I have a GFI outlet in my kitchen that has another 3 outlets that run off of it. It was tripped the other day and it won't reset, I verified it has power going to it and there is no issue with a circuit breaker. There is nothing plugged into any of the other outlets. 

Could it be the GFI outlet itself thats the problem? Im pretty good with electrical so wondering what the proper steps to resolve this.

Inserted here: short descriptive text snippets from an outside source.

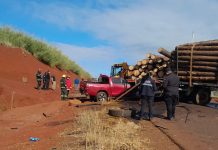 Amenazó a su exnovia y a su exsuegra, les robó una camioneta y chocó contra un camión: murió y mató a dos hombres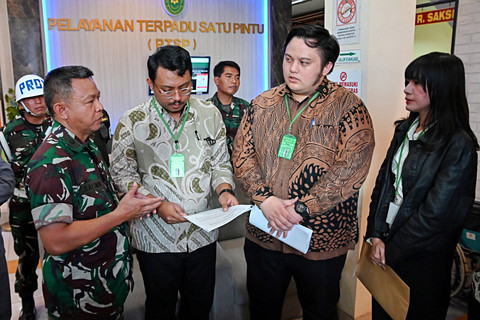 Kuasa hukum Andrie Yunus, TAUD, Alif Fauzi Nurwidiastomo bersama Airlangga Julio berbincang dengan Panitera Pengadilan Militer II-08 Jakarta saat menyerahkan surat penolakan menghadiri sidang di Pengadilan Militer II-08 Jakarta, Senin (11/5/2026). Foto: Fakhri Hermansyah/ANTARA FOTO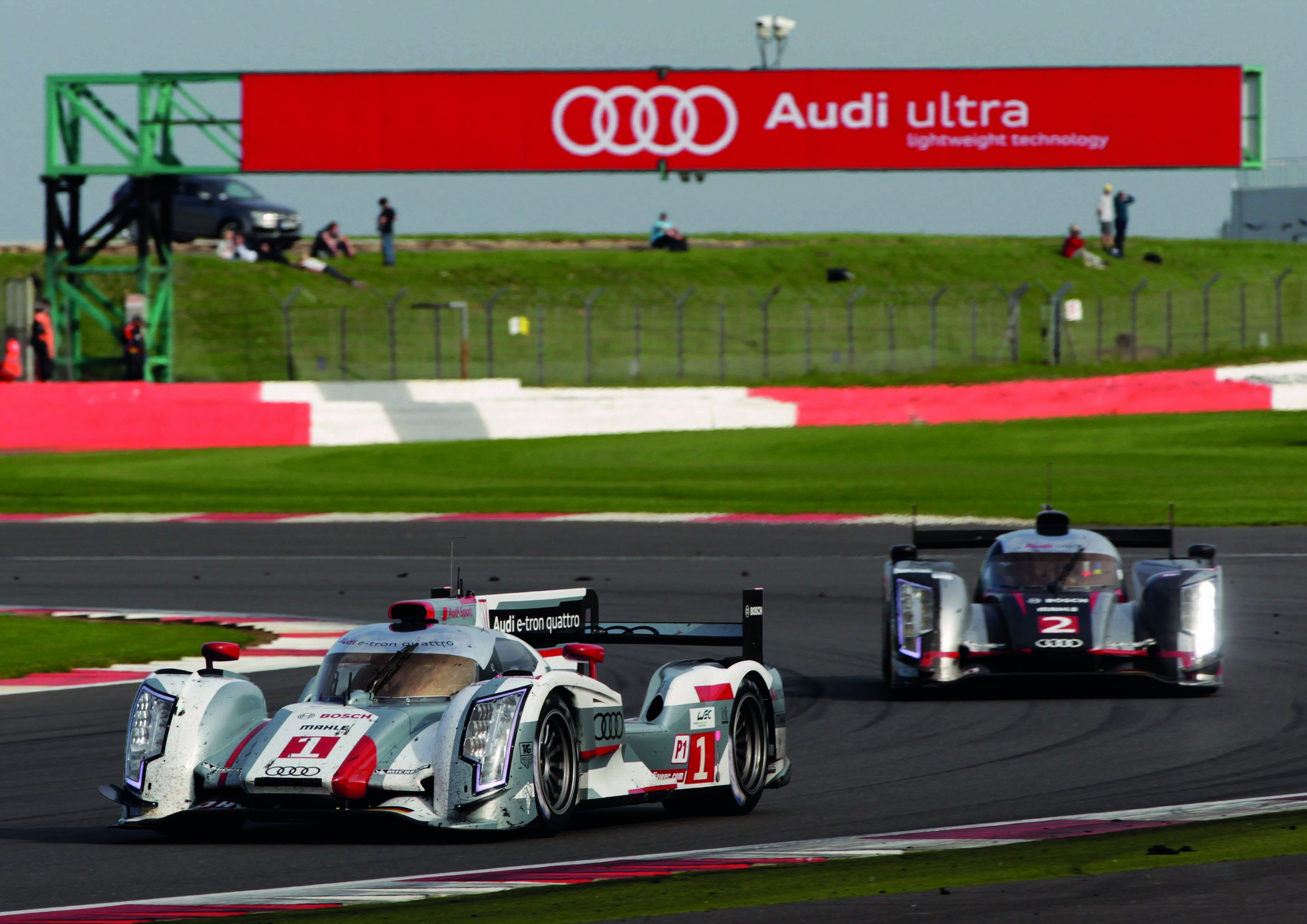 Audi R18 geht auf Weltreise - Audi bereitet sich nach dem vorzeitigen Titelgewinn in der Markenwertung der FIA-Langstrecken-Weltmeisterschaft WEC auf vier anspruchsvolle Übersee-Gastspiele mit dem R18 vor.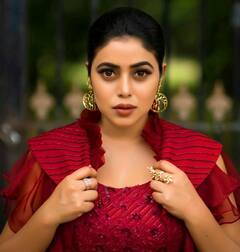 Back Door Movie Update: దీపావళికి విడుదల కానున్న పూర్ణ 'బ్యాక్ డోర్' మూవీ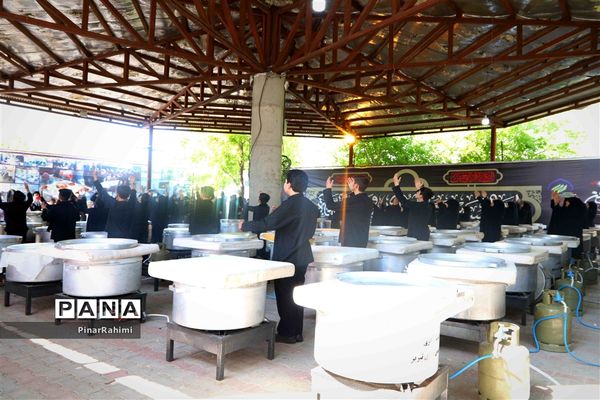 نذرواره ۷۲ خوان احسان حسینی در تبریز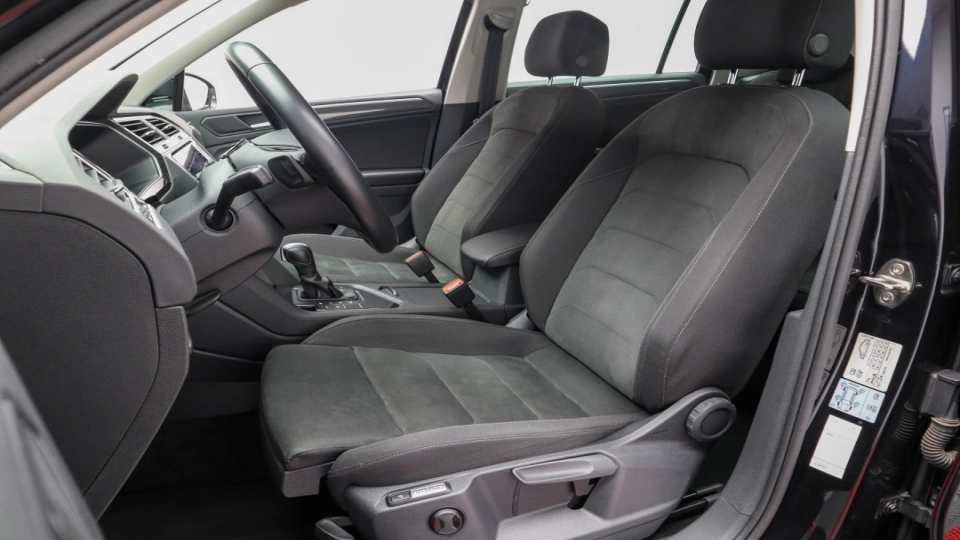 VW Tiguan 2.0 TDI DSG LaneAss BlindSpot Parktronic Cockpit Masaj ACC - imaginea 26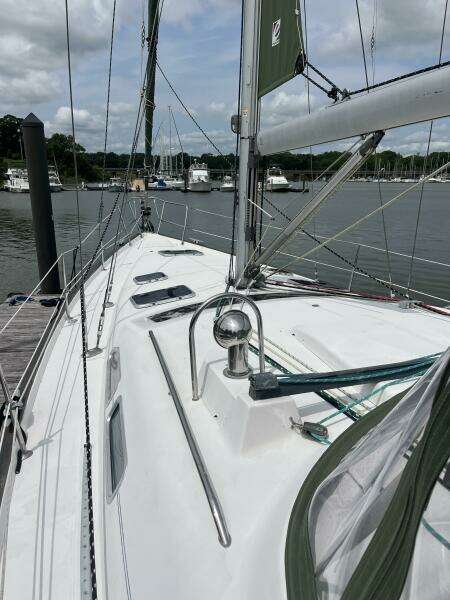 Autumn 42ft Beneteau Yacht For Sale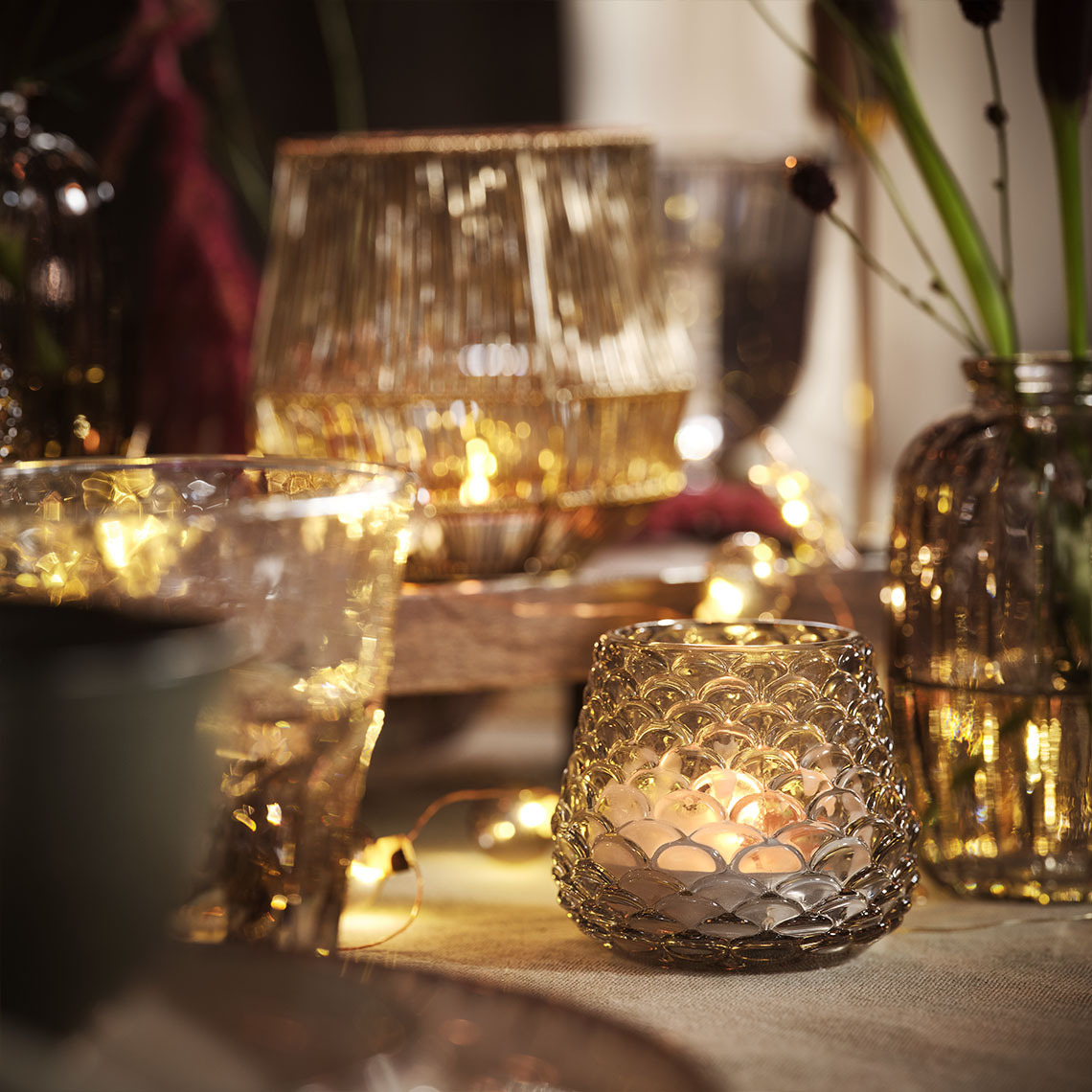 Поставка за чаени свещи BIFROST Кухненска маса, осветена от свещи и чаени свещи в поставки за чаени свещи, както и лампички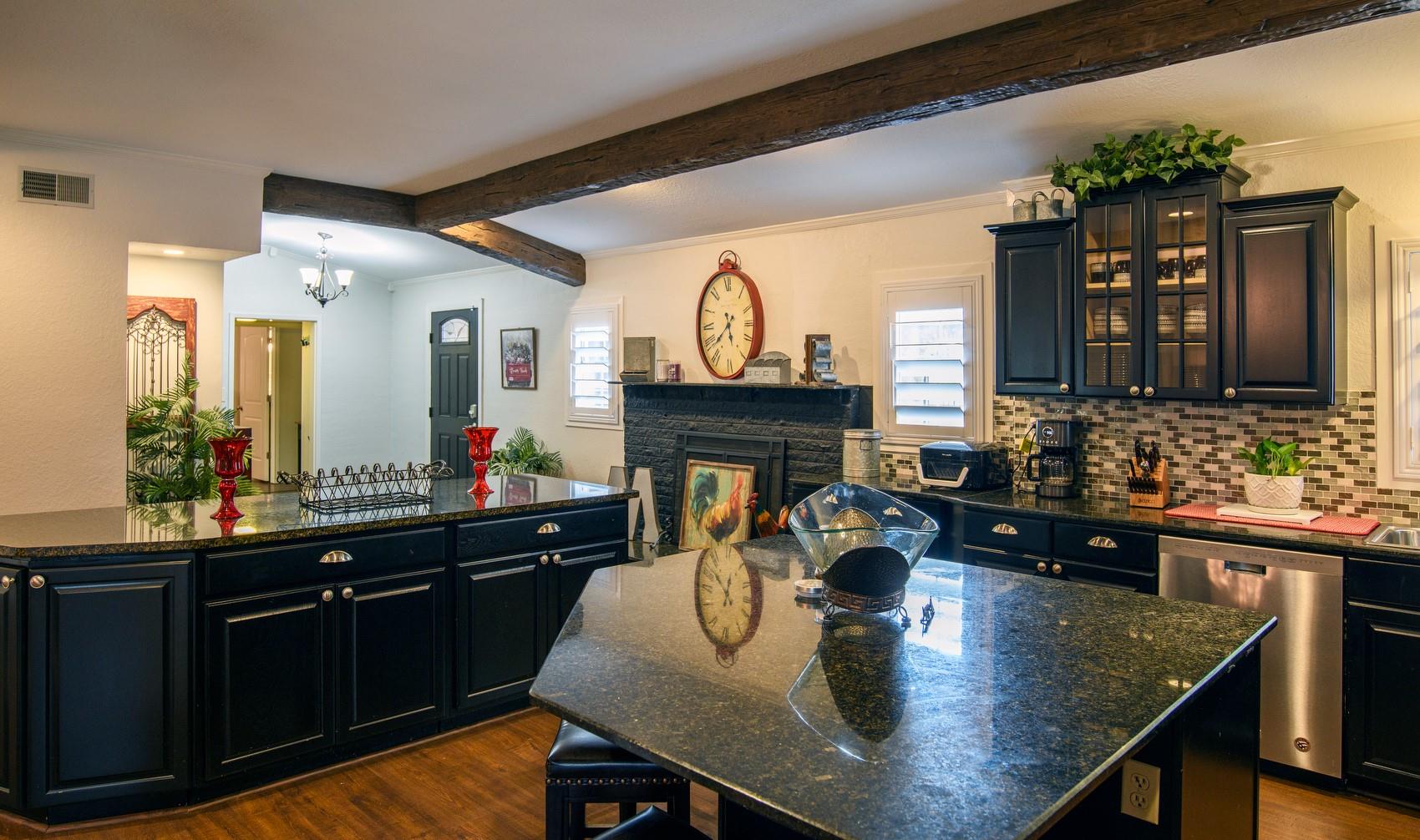 1912 Bluebonnet Lane Kingsland TX 78639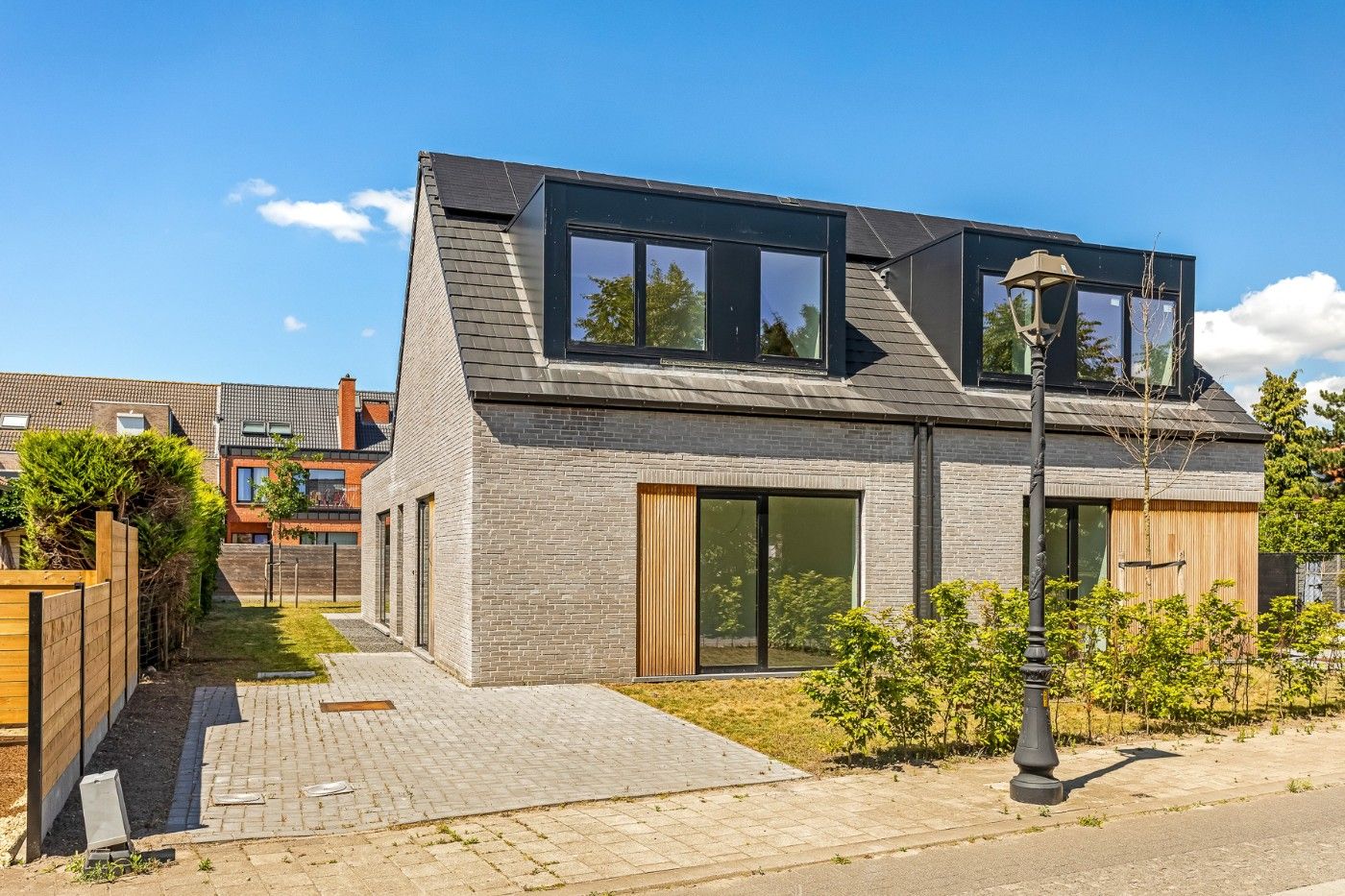 Rustig gelegen nieuwbouwwoning met 3 slpk. en toffe tuin foto {{pictureIndex}}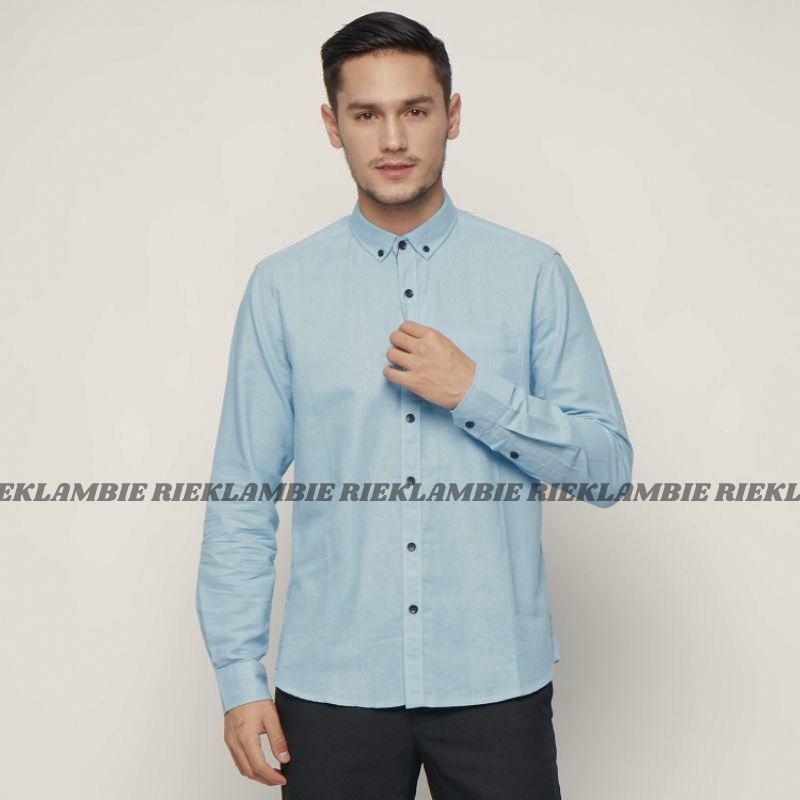 Kemeja Polos Soft Blue Light Blue Kemeja Pria Lengan Panjang Soft Blue Kemeja Kantor Kasual Slimfit Katun Oxford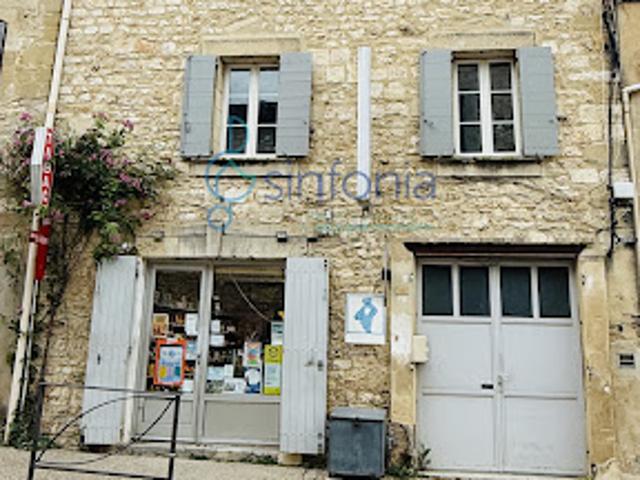 Vente Maison 8 pièces 51 m2 Arpaillargues et Aureillac
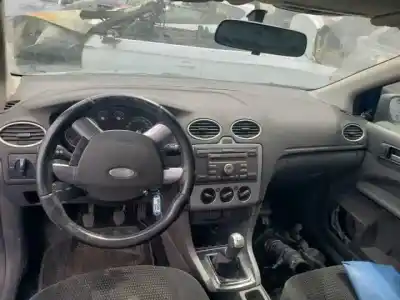 Veículo de Sucata ford focus berlina (cap) d/hhda do ano 2006 alimentado 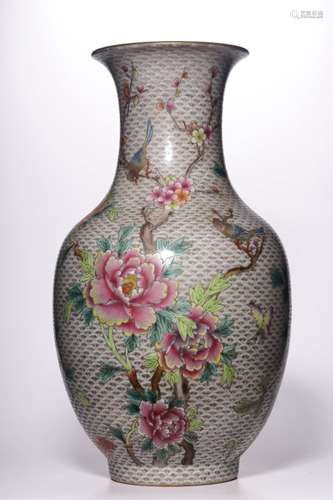 Chinese Famille Rose Porcelain Vase,Mark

Should I first try to replace the GFI outlet?
Should I disconnect all the other outlets and then try to reset GFI?

any help appreciated


----------



## Chevyman30571 (Feb 2, 2009)

To make sure that gfi is the problem wire nut the wires through to the other 3 outlets in the line without the gfi protecting them down the line and turn the breaker back on. If it doesn't trip than the gfi is bad.


----------



## SPINA ELECTRIC (Feb 19, 2011)

Sounds like a bad GFI receptacle


----------



## joed (Mar 13, 2005)

Disconnect the LOAD wires from the GFCI and try again to reset it. If it resets then you have a problem in the other receptacles or cables somewhere.


----------



## Stubbie (Jan 7, 2007)

Joe has your best troubleshooting suggestion. I do not think it is a bad gfci ... I think it is a gfci that is detecting a ground fault. Are you sure there are not more receptacles that are protected ?


----------



## rocketdoctor (Mar 18, 2009)

thanks I determined it wasn't the GFI by removing load wires as reseting it and it stayed on. When i disconnected and tested each outlet seperately i didn't have a problem anymore, maybe one of the outlet screws was touching the outlet box. I made sure electrical tape was wrapped around the outlet nets and reinstalled. all works fine now.

thanks


----------



## rjniles (Feb 5, 2007)

Good possibility that a ground wire in one of the boxes was touching a neutral causing a ground fault. When you pulled the receptacles out to test you cleared the fault.


----------